Sep 21, 2025 • 45min
National Parks Traveler Podcast | Disappearing Black History
This past week unspecified interpretive materials related to slavery were either removed or tagged for removal from Harpers Ferry National Historical Park in West Virginia. It also was reported that a troubling photo known as the "Scourged Back" that depicted the scar-riddled back of an enslaved man was taken down from Fort Pulaski National Monument in Georgia. The National Park System has been pulled into the current-day battles of wokeism of sorts through the removal of those, and likely other, interpretive materials in the parks that help us better understand enslaved history. Where it will end, or whether it will be reversed, is unknown.
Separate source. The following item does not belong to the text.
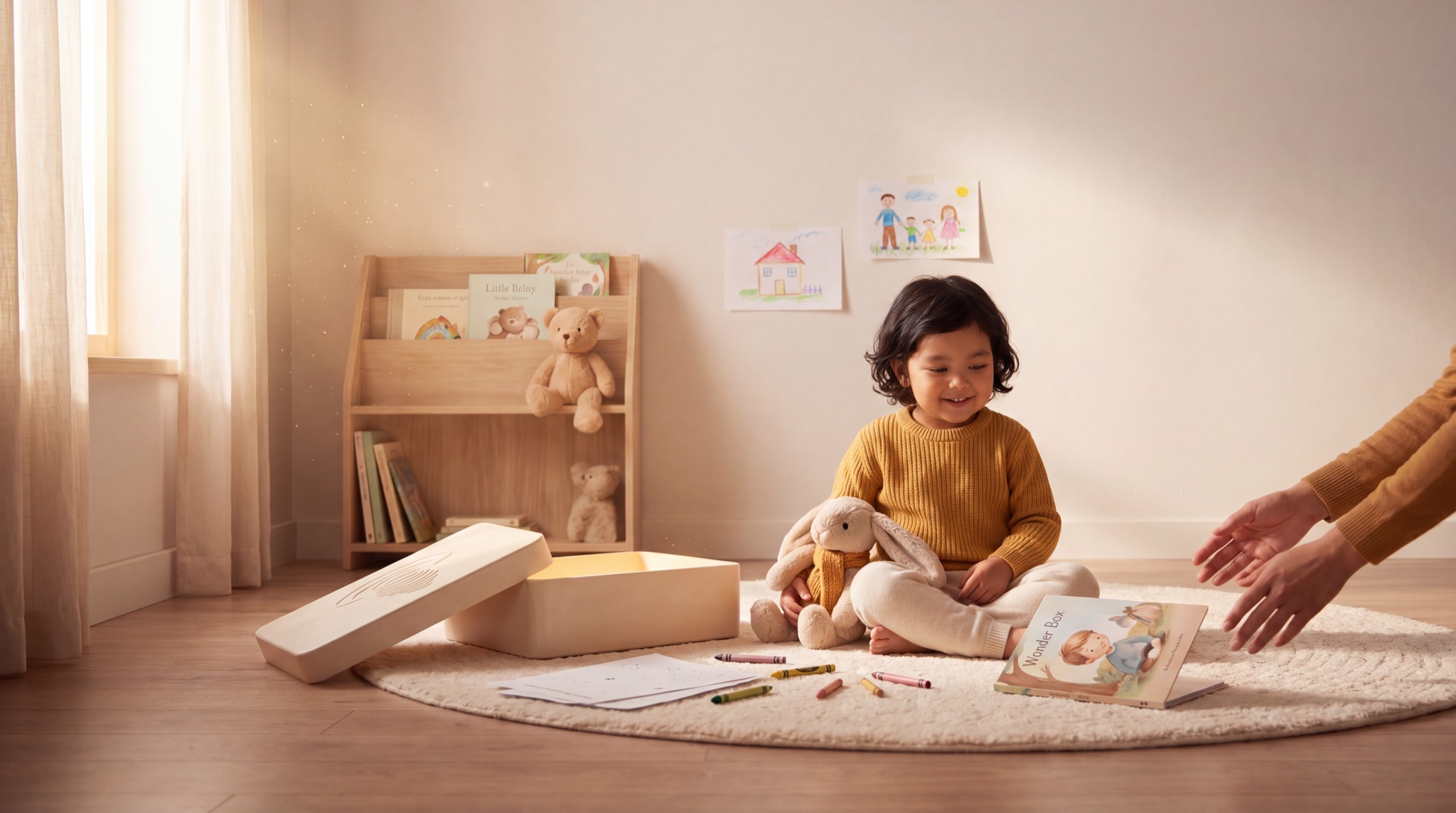 Child smiling on a cream rug surrounded by books and activities as a parent's hand reaches in to join them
To better understand what's transpiring and what the impacts are, we've invited Alan Spears, the senior director for cultural resources at the National Parks Conservation Association, to join us today.

Sep 14, 2025 • 48min
National Parks Traveler Podcast | Historic Preservation
We can't escape history. We're born into a world full of it, and we're making it as we go from day to day. But how are we at preserving history? There's been a lot of concern this year that the administration of President Donald Trump is altering, if not entirely trying to erase, history. But can that actually be done? The National Park Service, often called the nation's storyteller, has been interpreting history for more than a century, and some of that interpretation revolves around sites that have lost their physical structures over the decades. Today's guest is Monica Rhodes, an internationally-recognized leader, advisor, and influencer who has directed preservation activities in 46 states and completed projects in more than 100 national parks. Today, she advises and partners with cites, universities, and other institutions to revitalize and leverage historic sites and communities to ensure a vibrant future for these places.